This time, no one will fall for it. Passing off the Satyrian as the revelation of the new millennium among the thousands of emerging bands dedicated to gothic metal? Please! It's a ridiculous experiment with no chance of success attempted by Frontiers, the record label of the newcomer Dutch seven-piece.
First of all, what the musicians involved in the project propose is hardly related to dark music; it surely approaches a light and simplistic form of heavy metal whose songs are invariably composed of catchy and singable (but not unforgettable) tunes, melodies almost sunny but cloaked in that purely artificial "dark" flavor that German dancefloors seem to go crazy for. Moreover, from the cover, the band's intentions are already clear to me, but far from me the intention of dismissing it after a single listen. So here is the result of an in-depth analysis of the twelve tracks on "Eternitas."
The off-key electronic contaminations and the now canonical support of the overused symphonic embellishments (by Jan Yrlund, once engaged with the baroque Lacrimosa) can pass, as well as the atypical and rather questionable choice to include three vocalists behind the microphones (namely the still unripe Judith Stüber, the brilliant Kemi Vita of The Dreamside, whom I would have preferred to hear sing in albums of different manufacture, perhaps more suited to her remarkable abilities, and the inelegant Roman Schönsee of Pyogenesis, who had already collaborated with Kemi for the album "Mirror moon"); but, despite the many, perhaps too many elements mixed by the Dutch band in their sound with the clear intention of being pleasing to as heterogeneous an audience as possible, what Satyrian proposed in their debut album did not convince me at all.

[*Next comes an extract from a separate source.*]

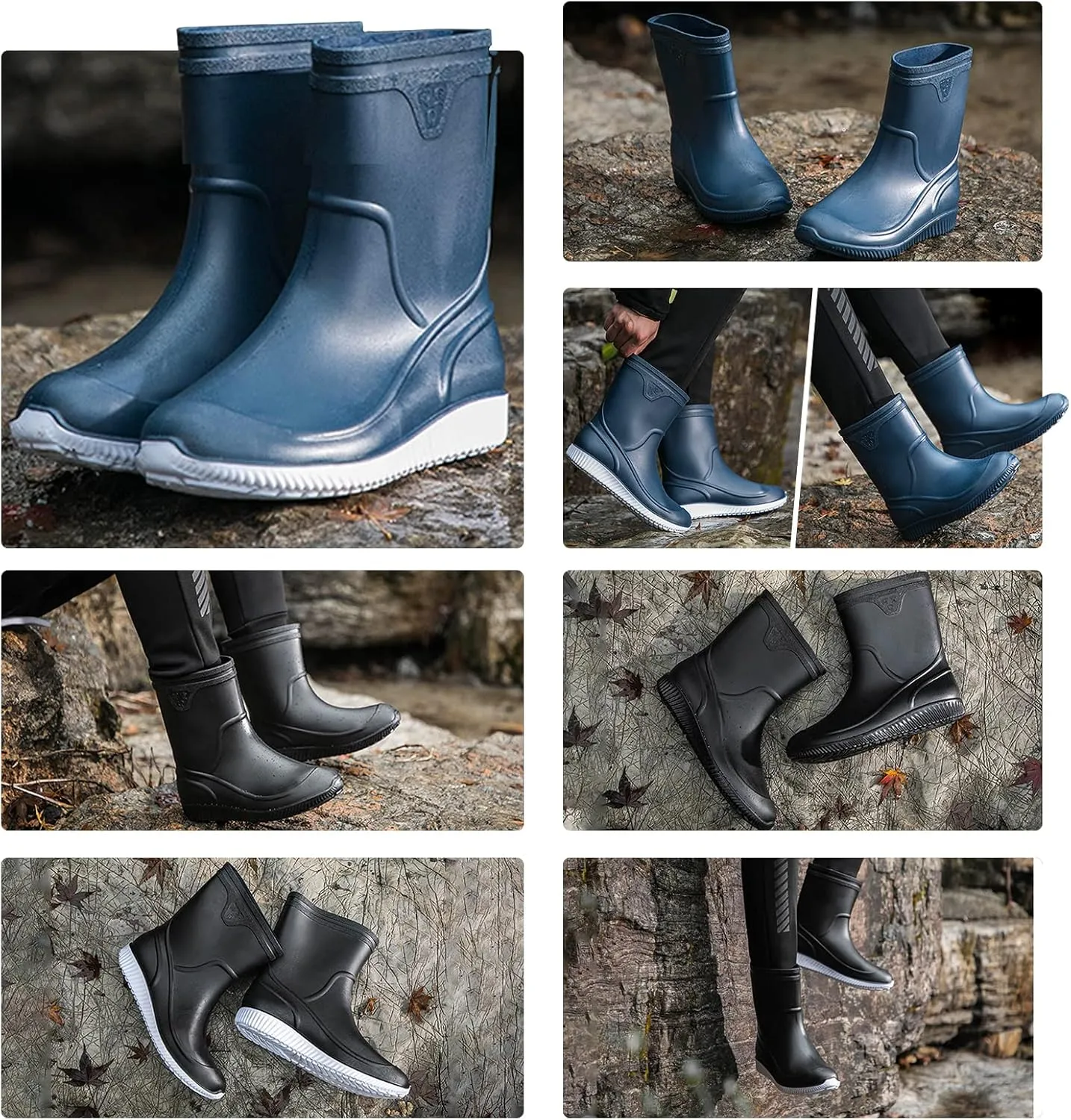 Mens Rain Boots Slip On Non-Slip Rubber Waterproof Ankle Boots Rain Shoes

It is the title track that opens the dance (no other expression would be more appropriate): a catchy slap in the face of originality that recalls an infinity of songs from countless other bands. "Invictus" is annoyingly repetitive due to an overuse of electronics and male vocals of dubious aesthetic taste. "Feel the rush" presents the usual alternation between soft piano passages and metal gallops, belonging to thousands of other formations but worsened by the nauseating performance of Satyrian and further degraded by its excessive length. "My legacy" is entirely built on the catchiness of the chorus and completely devoid of sentiment. "The dark gift" transports us with its synthesizers and cheerful disco-pop keyboards directly to the frantic and crazed lights of a dance floor. Then, comic romantic aspirations intervene in "Sacred lies" and in "Bridge of death" the band even attempts to propose itself as the folk band of the moment, presenting their pathetic ditty with the supposed medieval flavor (but still danceable) with rather execrable results. To close the album, we find a handful of far from memorable songs that bore with their keyboard-driven and cadenced gothic-rock but are inevitably bland, among which only the graceful and passionate vocal lines of Kemi in "This dream" stand out, in the end, the only salvageable episode among the twelve.

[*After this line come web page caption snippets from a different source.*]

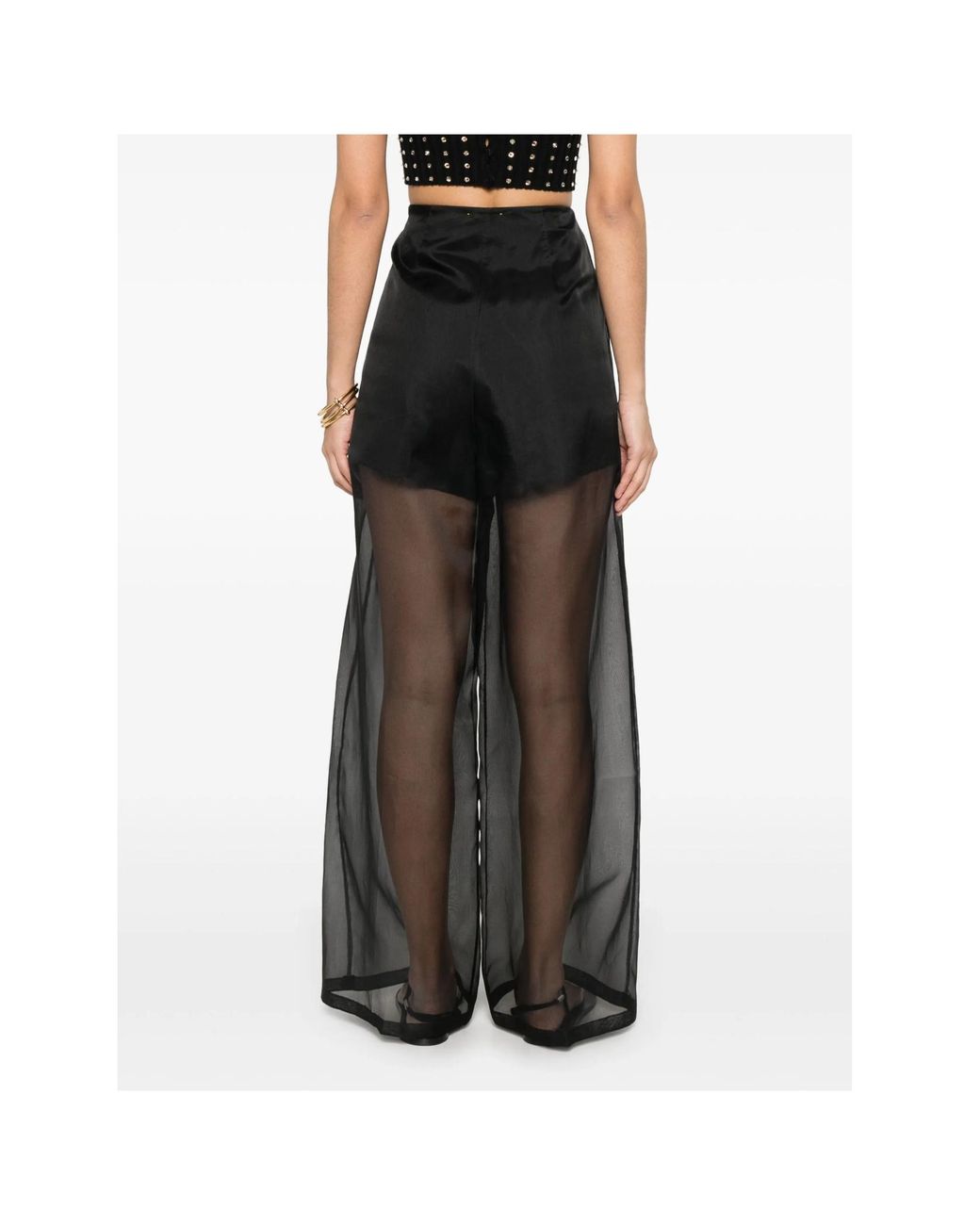 Forte_forte Black Silk Palazzo Pants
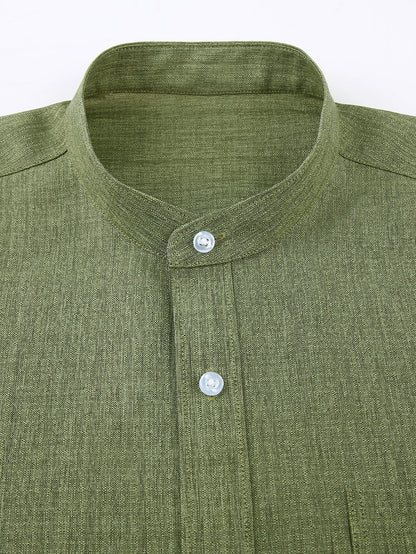 Long Sleeve Textured Stand Collar Shirt
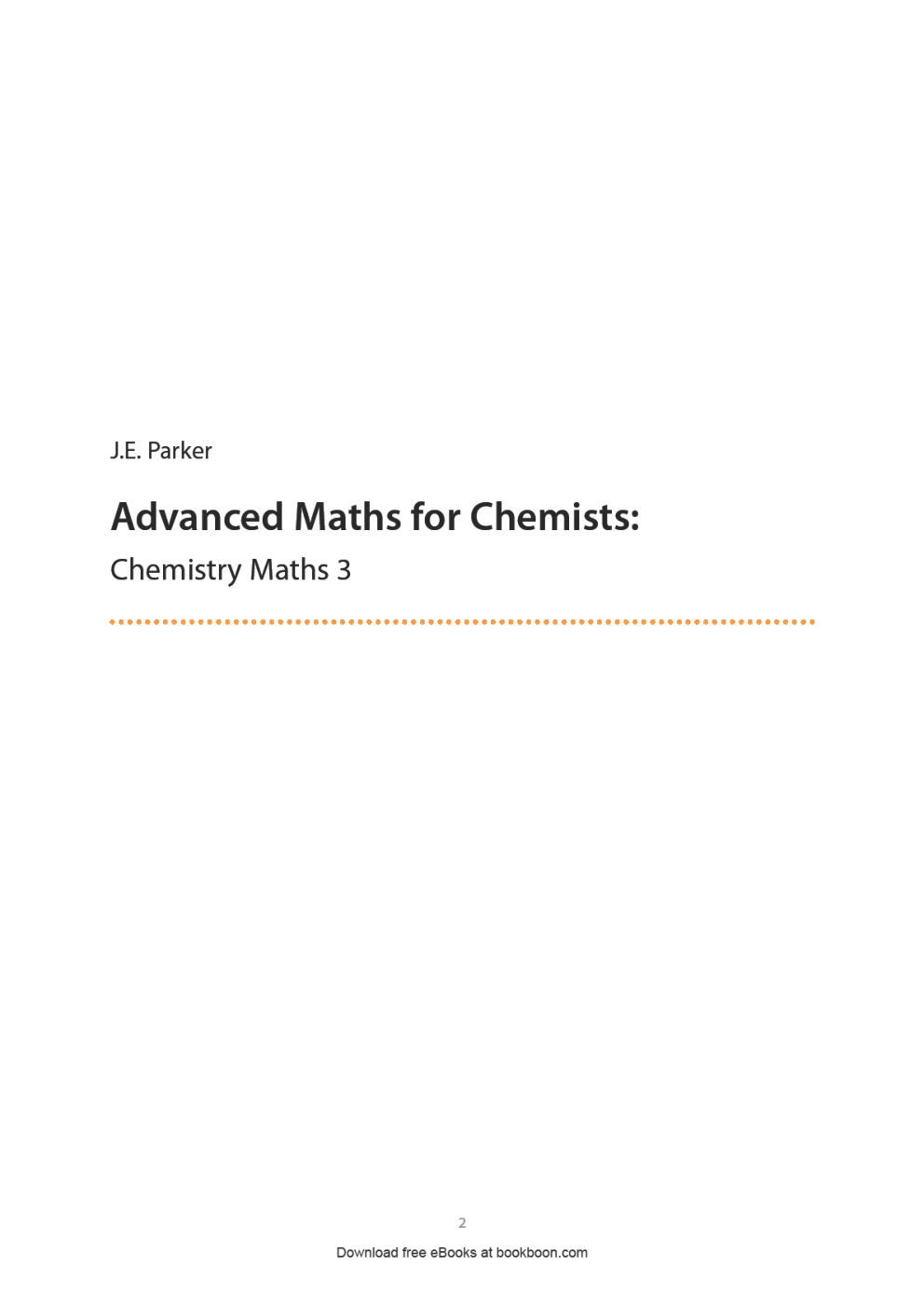 Advanced Maths For Chemists - Page 2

For heaven's sake, some might even like certain contaminations, but I wonder what feelings animate Satyrian's music. I always have and always will hold the belief that a band's music can be considered art only when it manages the difficult task of transmitting sensations to the listener, even in the absence of originality. Otherwise, it will always be just cold and unnatural associations of notes that can only please the presumed and increasingly numerous teenagers who love easy choruses and dance rhythms, pathetic slaves of the throwaway systems of modern society.
Light-years away from adequacy, this "Eternitas" remains one of the ugliest albums produced by the prevailing new trend in the European metal scene, unworthy of being listened to, irritating for an honest fan of gothic music but a potential rich dish for the trash bin closest to your home.